不確実な事は、ひとつひとつ潰していかなければならない。

ベネトナシュは街へと向かった。


※ ※ ※


ベネトナシュが街に戻ったときには昼を過ぎていて、ナンシーはようやく軍議から解放されたシーラと、客室のバルコニーでお茶をしていた。

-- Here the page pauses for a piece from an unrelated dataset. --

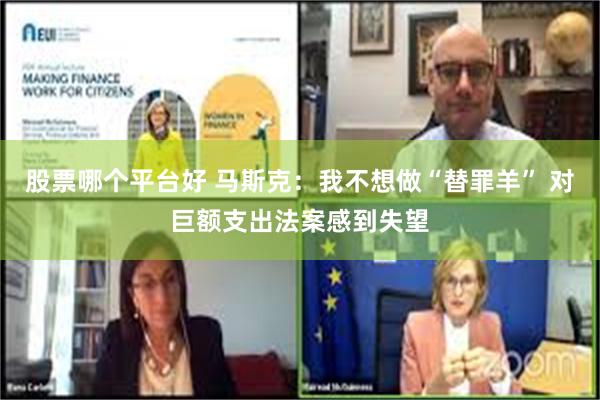 股票哪个平台好 马斯克：我不想做“替罪羊” 对巨额支出法案感到失望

幾何学模様の装飾が施されたティーカップにお茶を注いでいたシーラは、ベネトナシュをみると微笑んだ。


「やあ。キミのお茶はないよ」

「茶くらい自分で淹れる。そんなことより」


ベネトナシュはナンシーの隣の椅子に腰かけ、訊ねる。


「何故お前はユリアンティラ・シーラを名乗っているんだ?」


所々が錆びた椅子は、軋んでキィ、という音を立てる。


「おや。どうしたんだい。哲学的な問いを急に」


眉を顰めたのは、耳障りな金属音のせいなのか。


「訊き方が悪かったな。ユリアンティラ・シーラを名乗るお前は誰なんだ?本物はどうした」


かつて椅子を美しい色で覆っていただろう塗料は、錆びてハラハラと剥がれ落ちていく。


「ああ、家のことまで――成程、よく調べたね」


問われた内容とは裏腹に、そう応えたシーラの顔色も声も、まったく変わっていなかった。